▶ ABOUT THIS EXERCISE:
Retype exactly the lines from the one that contains "ЛИСЫ ЧЕРНОБУРКИ спасённые" through the end of the listing, both included, but not the pictures.

▶ RECORDED DATA:
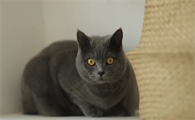 蓝猫寿命一般能活多少年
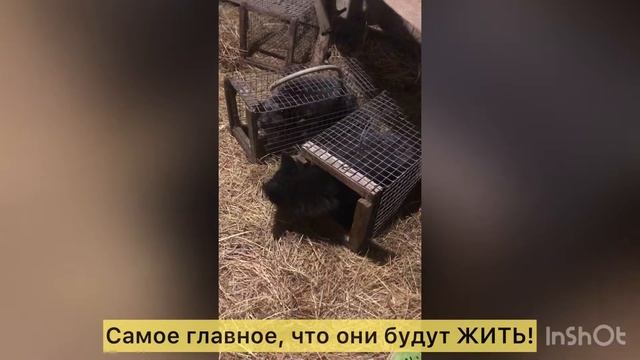 ЛИСЫ ЧЕРНОБУРКИ спасённые со зверофермы смотреть онлайн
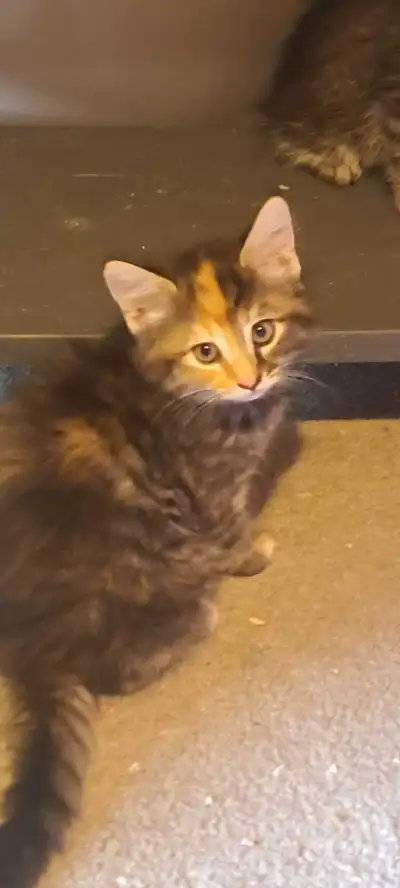 kittens for sale , View more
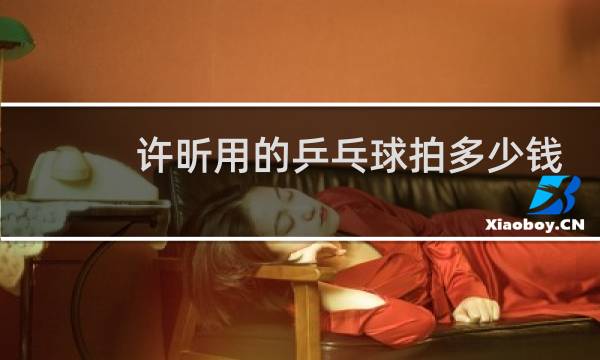 许昕用的乒乓球拍多少钱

▶ COMPLETED EXERCISE:
 ЛИСЫ ЧЕРНОБУРКИ спасённые со зверофермы смотреть онлайн
 kittens for sale , View more
 许昕用的乒乓球拍多少钱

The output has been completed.